Making choices and commitments is part of life: even when we think we’ve avoided making a decision, that in itself is a choice. But is ‘choosing not to make a choice’ really the best way to approach life?
I was listening to an old favourite the other day — the album Against the Wind, by Bob Seger — and some lines from one of the songs have stuck with me ever since; not in the annoying sense of a jingle replaying over and over, but in the sense of how apt they are in describing some aspects of the human condition. The song is No Man’s Land, and the lyrics tell of responses to a tragedy:
Victims come and victims go
There’s always lots to spare
One victim lives the tragedy, one victim stops to stare
Still another walks on by, pretending not to see
They’re all out there in no man’s land
‘Cause it’s the safest place to be
There are so many ways to ‘read’ this song; the idea that we are all in a sense ‘victims’, but victims of what? The idea of no man’s land being safe, but safe from what? The idea implicit in no man’s land of shying away from commitment, playing safe, not getting involved.

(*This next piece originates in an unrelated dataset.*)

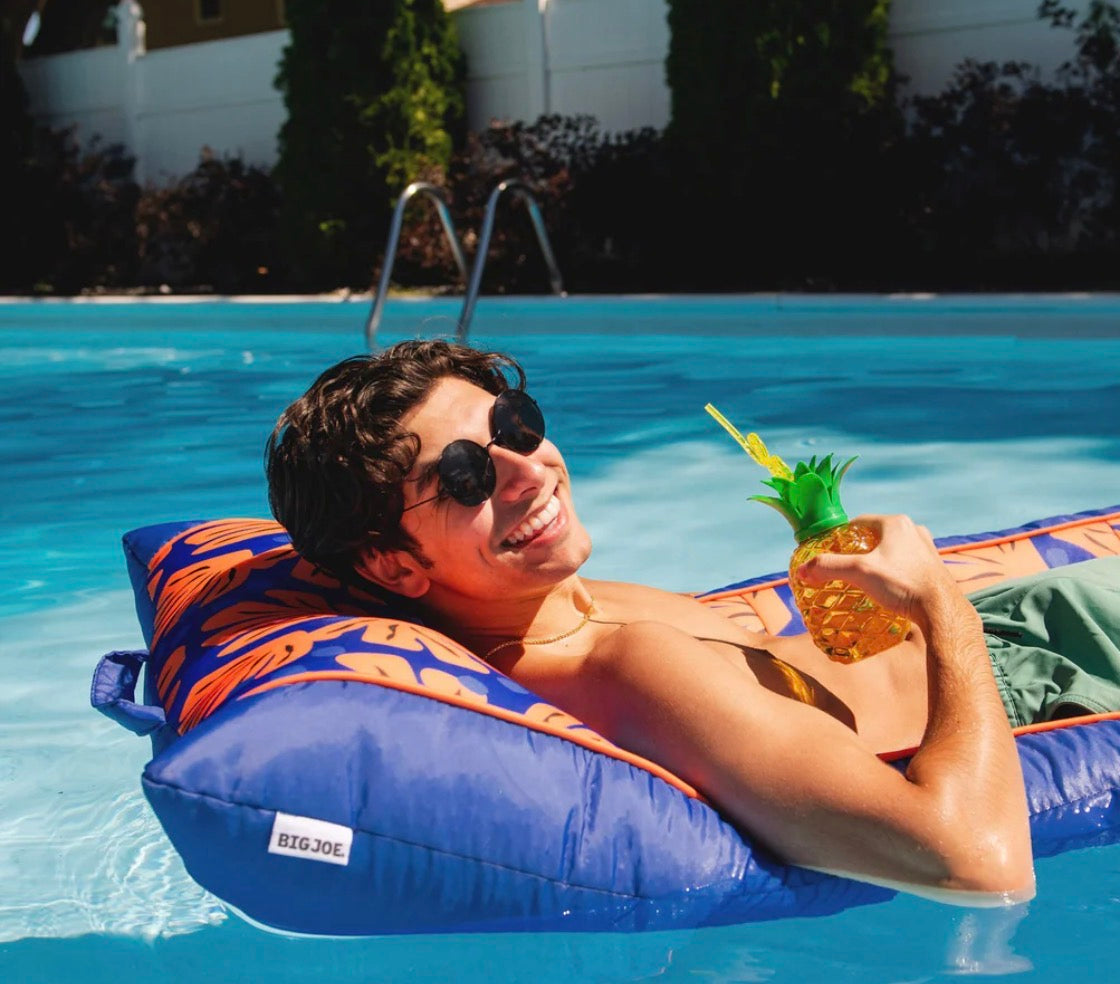 Pool Lounger - Kona® Pool Lounger Float w/ Headrest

I find myself thinking about the recent troubles in Libya, Egypt and Bahrain. Regardless of the view you take toward systems of government like these, the people who are protesting in the streets against their rulers have well and truly committed themselves to a course of action that could, in reality, lead to injury or death to themselves and others, just as much as it could lead to the change in leadership or the system of government they seek. In the sense of “no man’s land” being the “safest place to be”, they are very far away from that. Some of them may well end up as victims of these troubles, but for some at least that would be a price they choose to pay in order to secure a better future. They have committed themselves to something.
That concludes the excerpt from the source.